INFORMATION:
☆ ☆ ☆

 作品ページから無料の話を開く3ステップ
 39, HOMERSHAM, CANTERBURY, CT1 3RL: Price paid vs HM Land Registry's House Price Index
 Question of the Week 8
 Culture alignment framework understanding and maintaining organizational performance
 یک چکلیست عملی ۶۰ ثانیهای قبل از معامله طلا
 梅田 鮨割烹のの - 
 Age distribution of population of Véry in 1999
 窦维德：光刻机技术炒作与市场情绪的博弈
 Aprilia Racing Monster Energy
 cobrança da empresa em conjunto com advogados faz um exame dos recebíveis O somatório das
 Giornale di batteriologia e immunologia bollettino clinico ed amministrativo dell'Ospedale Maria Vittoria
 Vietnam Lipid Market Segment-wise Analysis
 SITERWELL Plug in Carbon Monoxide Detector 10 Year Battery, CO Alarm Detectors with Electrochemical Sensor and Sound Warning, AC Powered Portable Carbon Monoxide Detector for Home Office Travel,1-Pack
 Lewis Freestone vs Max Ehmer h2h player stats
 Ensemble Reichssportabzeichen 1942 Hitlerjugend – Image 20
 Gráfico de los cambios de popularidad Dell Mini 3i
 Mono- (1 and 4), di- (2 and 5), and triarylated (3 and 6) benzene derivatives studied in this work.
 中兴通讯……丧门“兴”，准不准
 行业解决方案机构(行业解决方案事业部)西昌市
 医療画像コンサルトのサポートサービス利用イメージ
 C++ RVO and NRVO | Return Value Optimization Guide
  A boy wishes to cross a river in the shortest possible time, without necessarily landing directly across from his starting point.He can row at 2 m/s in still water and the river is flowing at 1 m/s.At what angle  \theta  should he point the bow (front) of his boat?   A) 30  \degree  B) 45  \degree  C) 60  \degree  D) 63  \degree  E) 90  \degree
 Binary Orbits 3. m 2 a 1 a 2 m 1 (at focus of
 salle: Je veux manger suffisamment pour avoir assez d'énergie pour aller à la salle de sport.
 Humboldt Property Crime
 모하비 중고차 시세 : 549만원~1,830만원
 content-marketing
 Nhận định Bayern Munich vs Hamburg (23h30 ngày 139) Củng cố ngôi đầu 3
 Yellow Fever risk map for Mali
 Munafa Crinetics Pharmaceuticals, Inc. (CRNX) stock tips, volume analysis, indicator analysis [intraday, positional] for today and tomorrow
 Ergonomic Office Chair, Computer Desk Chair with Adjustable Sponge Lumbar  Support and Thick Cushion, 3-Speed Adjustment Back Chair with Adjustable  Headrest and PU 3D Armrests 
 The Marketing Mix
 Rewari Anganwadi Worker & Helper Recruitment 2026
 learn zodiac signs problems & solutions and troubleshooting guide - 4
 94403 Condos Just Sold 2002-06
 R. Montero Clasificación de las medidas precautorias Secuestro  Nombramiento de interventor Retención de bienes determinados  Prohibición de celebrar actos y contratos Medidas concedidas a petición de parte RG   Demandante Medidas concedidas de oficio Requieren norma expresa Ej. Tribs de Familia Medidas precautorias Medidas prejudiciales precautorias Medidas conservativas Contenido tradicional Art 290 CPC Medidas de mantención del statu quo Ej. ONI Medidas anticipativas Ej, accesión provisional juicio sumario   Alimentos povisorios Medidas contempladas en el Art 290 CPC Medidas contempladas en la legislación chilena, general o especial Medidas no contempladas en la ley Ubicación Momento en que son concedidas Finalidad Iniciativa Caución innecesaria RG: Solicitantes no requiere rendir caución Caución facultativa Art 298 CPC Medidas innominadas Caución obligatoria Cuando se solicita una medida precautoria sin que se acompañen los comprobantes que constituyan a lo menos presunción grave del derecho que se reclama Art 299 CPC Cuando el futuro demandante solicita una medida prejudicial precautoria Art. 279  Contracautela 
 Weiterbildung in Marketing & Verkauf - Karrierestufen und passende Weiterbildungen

☆ ☆ ☆

Every line above holding the string "Office" should be listed.

WRITTEN ANSWER:
 SITERWELL Plug in Carbon Monoxide Detector 10 Year Battery, CO Alarm Detectors with Electrochemical Sensor and Sound Warning, AC Powered Portable Carbon Monoxide Detector for Home Office Travel,1-Pack
 Ergonomic Office Chair, Computer Desk Chair with Adjustable Sponge Lumbar  Support and Thick Cushion, 3-Speed Adjustment Back Chair with Adjustable  Headrest and PU 3D Armrests 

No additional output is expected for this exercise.